Although it has been argued that these words do not represent a religious exercise in this context, I would argue the opposite. The words “under God” were first added to the pledge during the Cold War, when fears of Soviet-style atheism were sweeping the nation, and the addition of “under God” seemed a natural way to instill what Eisenhower referred to as “the Almighty”—and therefore, capitalism—in the hearts of American children.

These students who have conscientiously objected to standing for the pledge for these reasons have often been met with censure; since the first legal dispute over the pledge in 1940, when two Jehovah’s Witnesses were forced to stand up despite religious objections, there have been a multitude of court cases involving students who have faced ridicule or discipline for choosing to stay seated.

I can also attest to this on a personal level. Last year, during a school assembly, I sat during the national anthem. This is pretty routine for me; I started this practice when I stopped standing for the pledge. Then something happened.

“You’re supposed to stand for the anthem,” said one of the boys sitting behind me. I heard his friends agree.

Fine, whatever. I didn’t turn around.

But then it got ugly. They started swearing at me, calling me names—I won’t repeat them here because they certainly weren’t school appropriate. This continued for the entire song. I still didn’t turn around. This incident has been on the back of my mind for a while. Is this the respect with which you treat others when they exercise their right to protest? Are you so attached to the idea of a virtuous, flawless America that you are unwilling to accept any form of criticism towards it?

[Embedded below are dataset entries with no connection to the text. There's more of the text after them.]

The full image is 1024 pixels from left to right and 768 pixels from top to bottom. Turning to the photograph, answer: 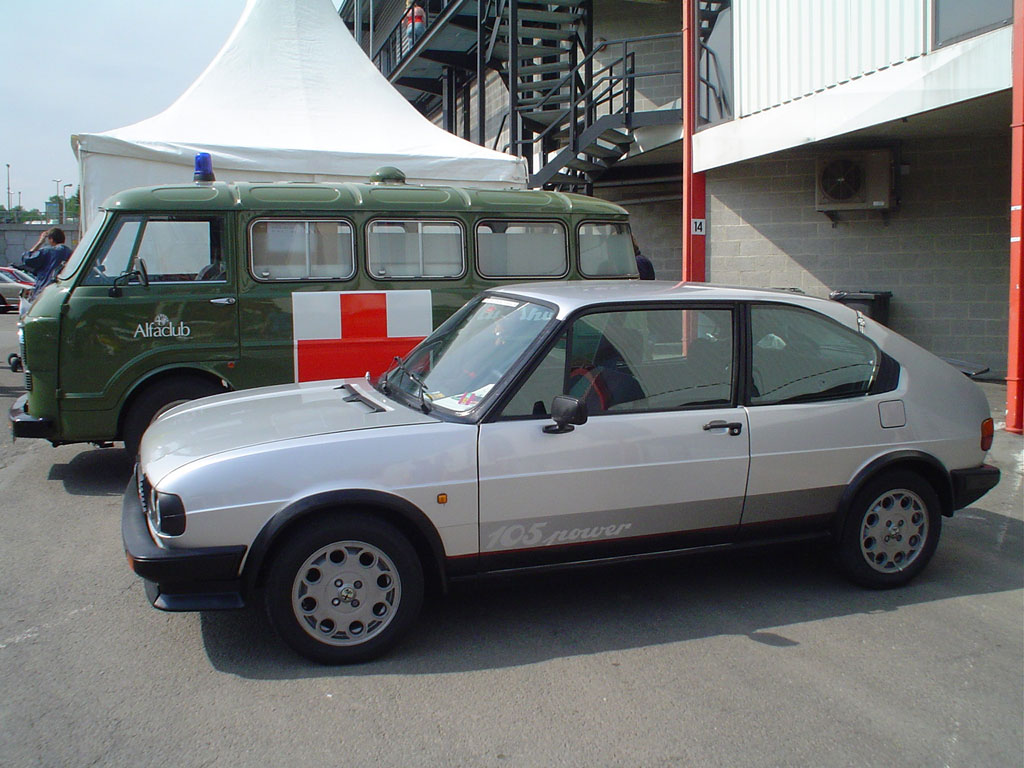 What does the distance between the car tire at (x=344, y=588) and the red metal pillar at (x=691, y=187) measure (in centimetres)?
762

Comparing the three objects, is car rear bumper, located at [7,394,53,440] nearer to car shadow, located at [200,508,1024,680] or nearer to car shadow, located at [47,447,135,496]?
car shadow, located at [47,447,135,496]

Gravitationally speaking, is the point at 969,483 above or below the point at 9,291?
below

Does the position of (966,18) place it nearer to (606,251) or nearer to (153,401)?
(606,251)

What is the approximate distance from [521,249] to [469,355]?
11.9 feet

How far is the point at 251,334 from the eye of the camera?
703 cm

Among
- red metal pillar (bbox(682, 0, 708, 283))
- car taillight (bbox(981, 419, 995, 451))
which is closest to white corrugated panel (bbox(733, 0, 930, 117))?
red metal pillar (bbox(682, 0, 708, 283))

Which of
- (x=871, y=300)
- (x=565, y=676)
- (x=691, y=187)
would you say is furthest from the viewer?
(x=871, y=300)

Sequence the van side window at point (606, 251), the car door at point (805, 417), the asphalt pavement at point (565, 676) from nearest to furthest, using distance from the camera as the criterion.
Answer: the asphalt pavement at point (565, 676) < the car door at point (805, 417) < the van side window at point (606, 251)

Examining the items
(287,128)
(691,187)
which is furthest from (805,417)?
(287,128)

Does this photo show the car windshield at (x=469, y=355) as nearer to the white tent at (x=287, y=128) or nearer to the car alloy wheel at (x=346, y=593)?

Nobody is saying that you have to sit down for the Pledge of Allegiance. If you find meaning in this ritual—if you feel that it is a legitimate way to honor your love of country, if you feel it represents a promise for a better tomorrow, or if you simply don’t like standing out in a crowd—then so be it.

But what I am saying is that those who sit down have a reason. It has become clear in recent years that we are not one nation. We are fractured, we are divided. We are not under one God, and nor should we be, because America is made beautiful through its diversity. It feels hypocritical to stand for a pledge that supposedly promises liberty and justice in an America so fraught with inequality.

This form of protest is a legitimate one, and if you cannot recognise even such innocuous forms of civil resistance, then do not be surprised when they take on a more powerful shape. Kneeling on a field or ignoring these words over the loudspeaker—as is our First-Amendment-given right to do so—harms nobody.

Choosing to engage with these words, to grapple with their meanings instead of mindlessly defending them is in the exact spirit of the civil debate that the First Amendment grants us. And I, like many other students, won’t stand for the pledge until I live in an America that truly represents its message.